(YOUR OBJECTIVE):
Every line of the data below should be retyped exactly, with no images carried over.

(RECORDS PROVIDED):
□ □ □ □ □ □ □
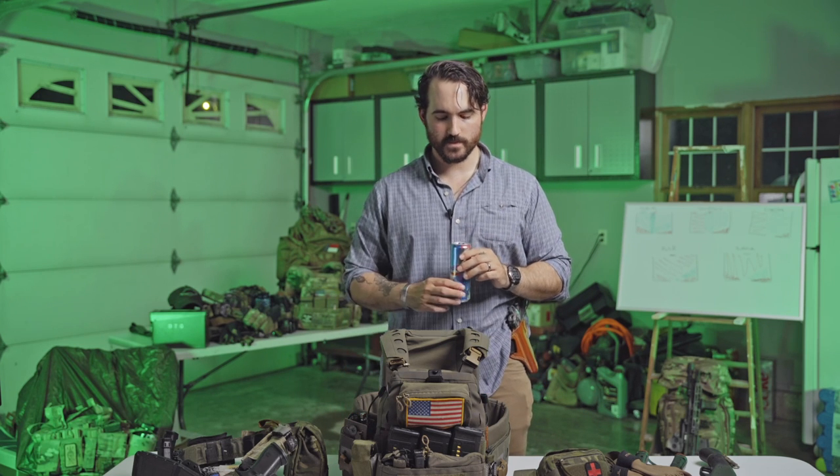You guys can probably tell how happy I am to be talking about gear again, because we all know that the stuff you own is what matters, not how much you train. That's why it's called Orion Gear Group.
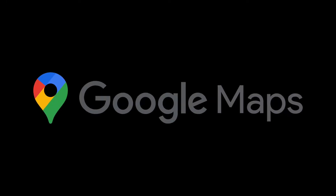If you drive for DoorDash, Uber Eats, Grubhub, any delivery app, or you just rely on navigation a lot in your day-to-day life, you need to know this Google Maps trick.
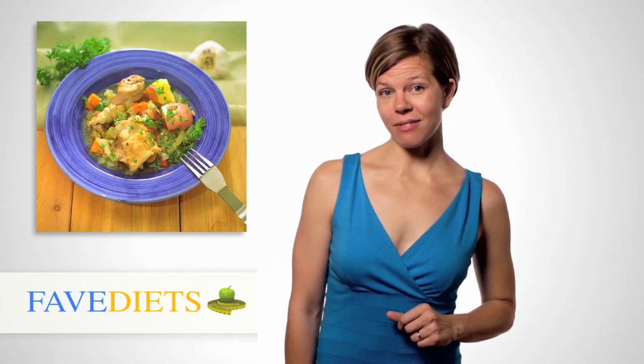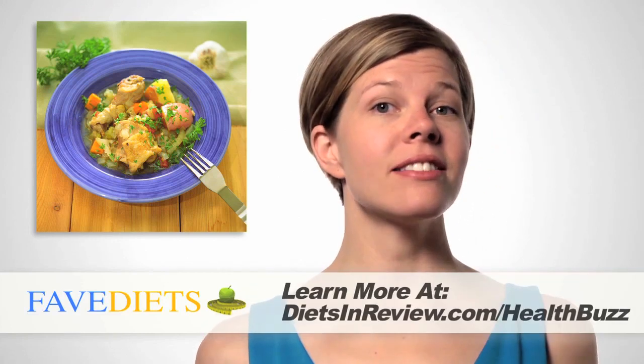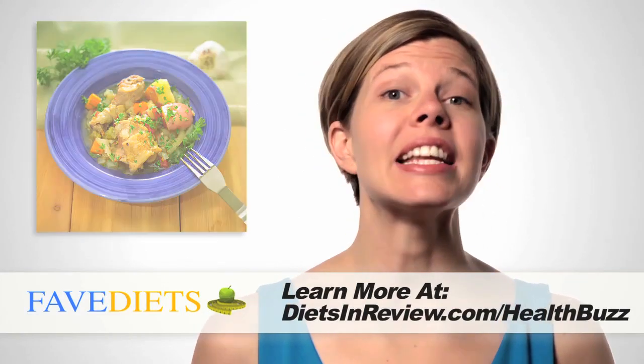This episode's recipe comes from our partners over at Fave Diets. It's a slow cooker recipe for a delicious squash and Caribbean chicken. This recipe brings out the flavors of the chicken and the squash with ginger and hot curry powder. Add tomatoes, onions and broth and let it stew for 8 to 10 hours.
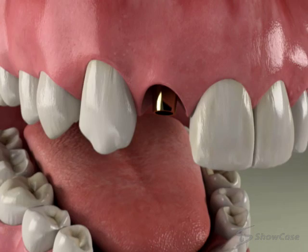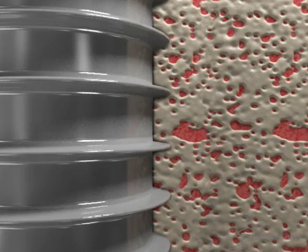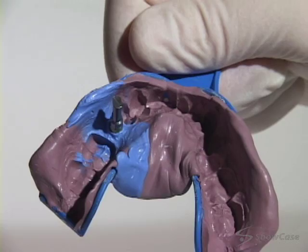Over the next several months, the implant will become securely fused to the bone. The next phase includes a series of appointments to fabricate your final restoration. Situations vary, but they usually include removing the temporary and making impressions of your mouth. The lab uses the impressions to make an accurate model of your mouth, including the implant.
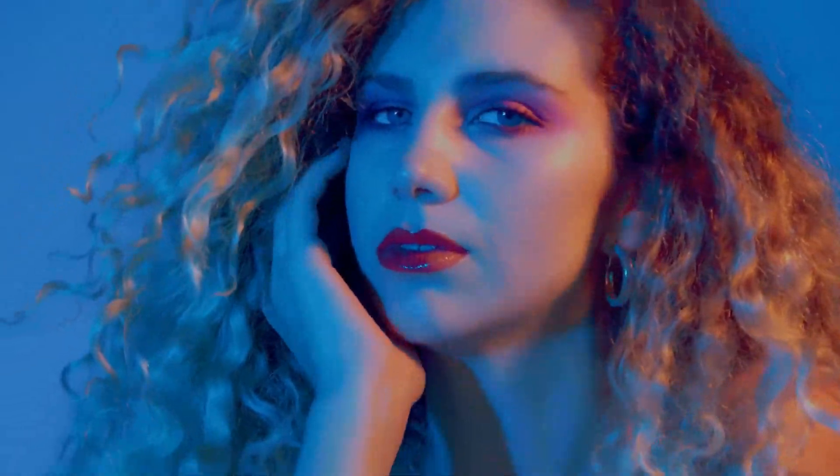Applying a skin numbing cream is typically very easy. For the best results, it should be applied in layers. A thin layer should first be applied to the skin and rubbed in, followed by a thicker layer of cream which should not be rubbed in. Instead, it should sit on the skin for a while. Some people cover the numbing cream with plastic wrap, which helps warm the area and can help make the cream more potent.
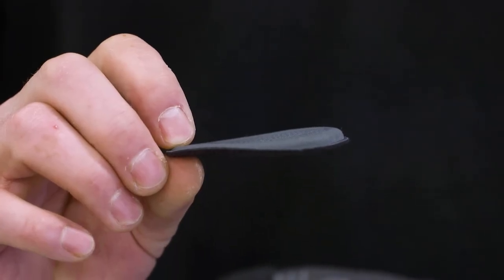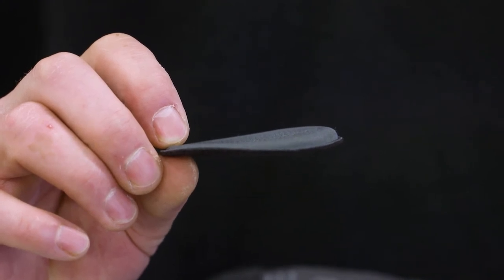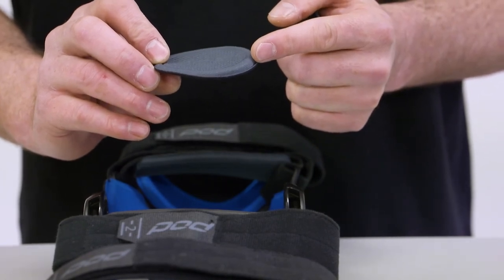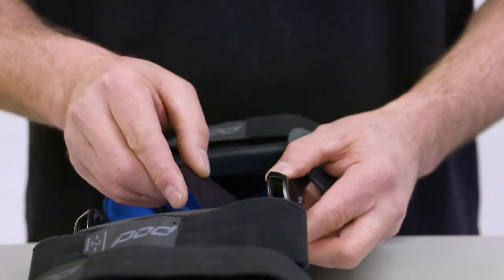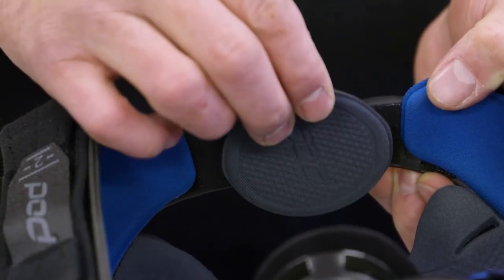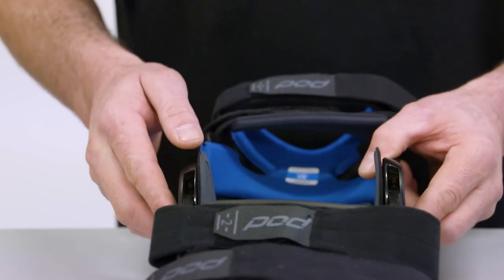We're putting the grey-thin pads into this K8 knee brace today. Each hinge pad has a thicker part and tapers off to a thinner part at the back. The thicker part goes at the front of the brace, on the patella side, tapering off toward the back of your knee. So ultimately, you'll have more support toward the front of your knee.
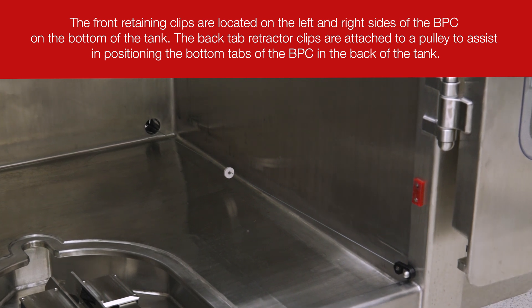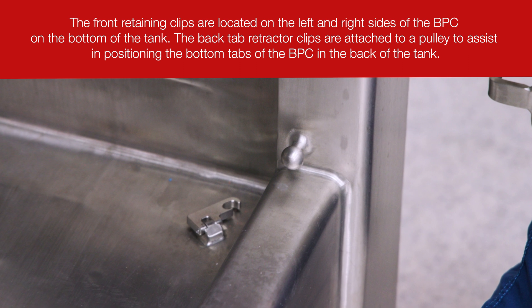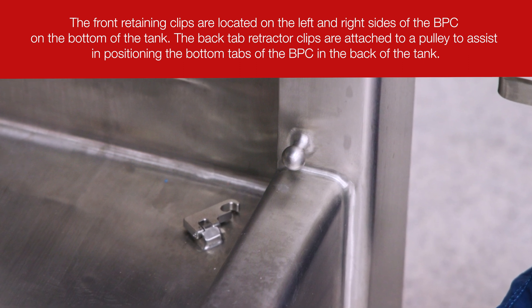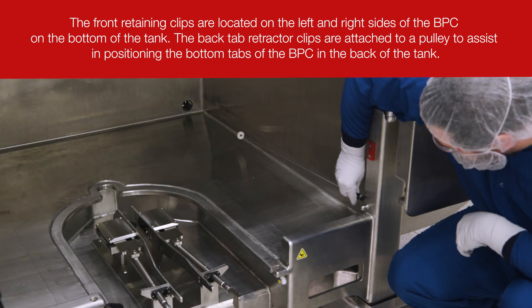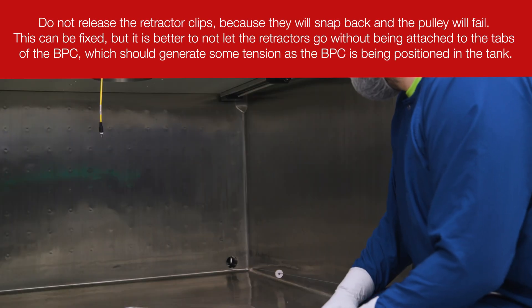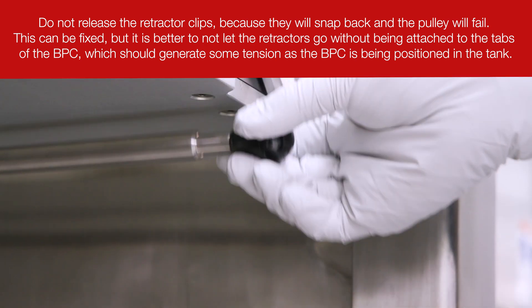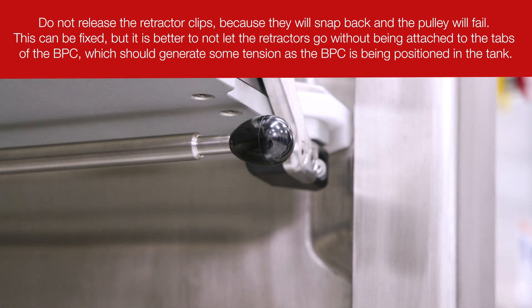There are two back-tab retractors and two front-retaining clips that hold the four bottom tabs of the BPC in place after it has been loaded. Ensure that the two BPC tab hooks are placed on the metal pins for ease of access. Pull the metal pins under the platform on each side out toward you. These will function as the top tab retractor clips.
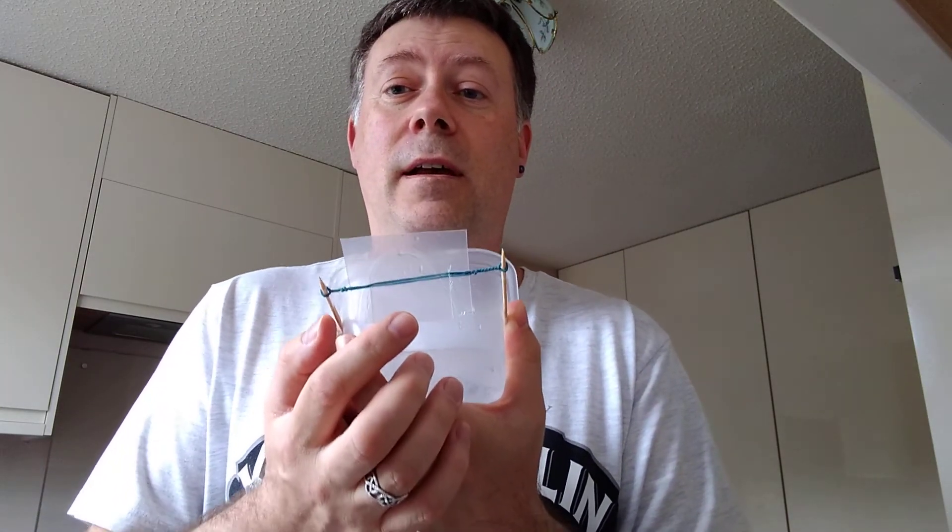Now when you start to turn this, as you can see, the elastic here starts to wind up. You can keep going as long as you like — the longer you go, the more turns it's going to do as it unravels. Place it in water, let it go, and that starts to spin and the little boat starts to move along. So have a go at that and let me know how it goes.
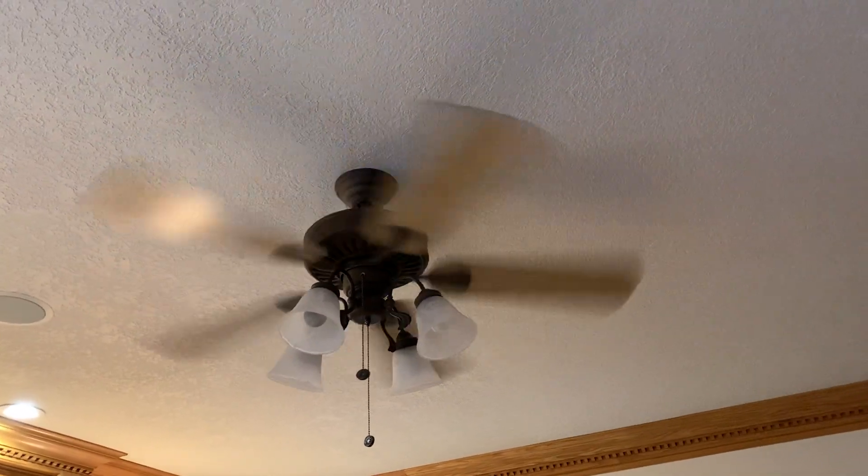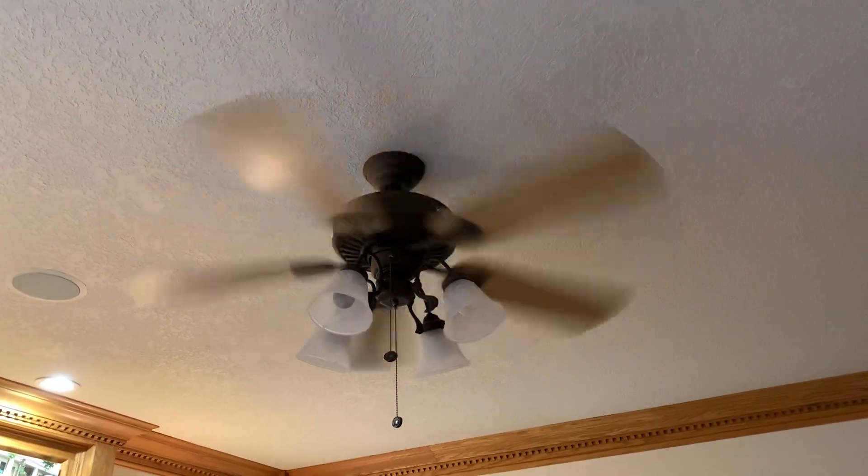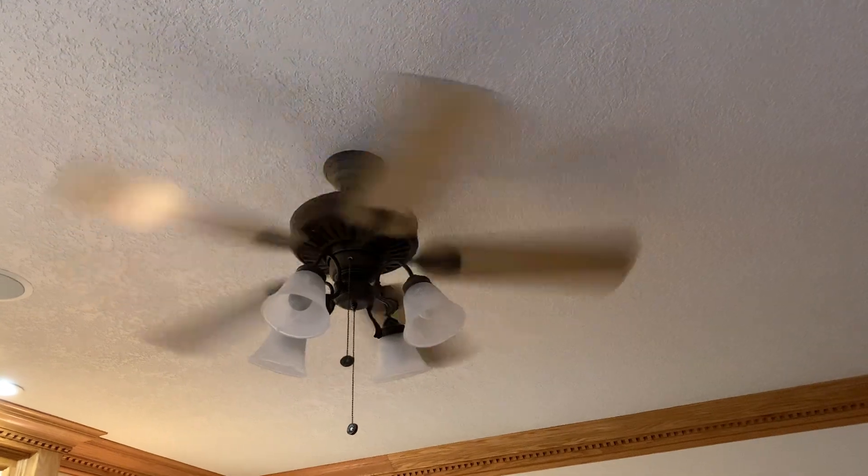Like I said before, probably one of the best, if not the best, Home Depot fan ever made. Does have a little wobble issue, but it's not bad.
□ □ □ □ □ □ □
(TASK SOLUTION):
You guys can probably tell how happy I am to be talking about gear again, because we all know that the stuff you own is what matters, not how much you train. That's why it's called Orion Gear Group.
If you drive for DoorDash, Uber Eats, Grubhub, any delivery app, or you just rely on navigation a lot in your day-to-day life, you need to know this Google Maps trick.
This episode's recipe comes from our partners over at Fave Diets. It's a slow cooker recipe for a delicious squash and Caribbean chicken. This recipe brings out the flavors of the chicken and the squash with ginger and hot curry powder. Add tomatoes, onions and broth and let it stew for 8 to 10 hours.
Over the next several months, the implant will become securely fused to the bone. The next phase includes a series of appointments to fabricate your final restoration. Situations vary, but they usually include removing the temporary and making impressions of your mouth. The lab uses the impressions to make an accurate model of your mouth, including the implant.
Applying a skin numbing cream is typically very easy. For the best results, it should be applied in layers. A thin layer should first be applied to the skin and rubbed in, followed by a thicker layer of cream which should not be rubbed in. Instead, it should sit on the skin for a while. Some people cover the numbing cream with plastic wrap, which helps warm the area and can help make the cream more potent.
We're putting the grey-thin pads into this K8 knee brace today. Each hinge pad has a thicker part and tapers off to a thinner part at the back. The thicker part goes at the front of the brace, on the patella side, tapering off toward the back of your knee. So ultimately, you'll have more support toward the front of your knee.
There are two back-tab retractors and two front-retaining clips that hold the four bottom tabs of the BPC in place after it has been loaded. Ensure that the two BPC tab hooks are placed on the metal pins for ease of access. Pull the metal pins under the platform on each side out toward you. These will function as the top tab retractor clips.
Now when you start to turn this, as you can see, the elastic here starts to wind up. You can keep going as long as you like — the longer you go, the more turns it's going to do as it unravels. Place it in water, let it go, and that starts to spin and the little boat starts to move along. So have a go at that and let me know how it goes.
Like I said before, probably one of the best, if not the best, Home Depot fan ever made. Does have a little wobble issue, but it's not bad.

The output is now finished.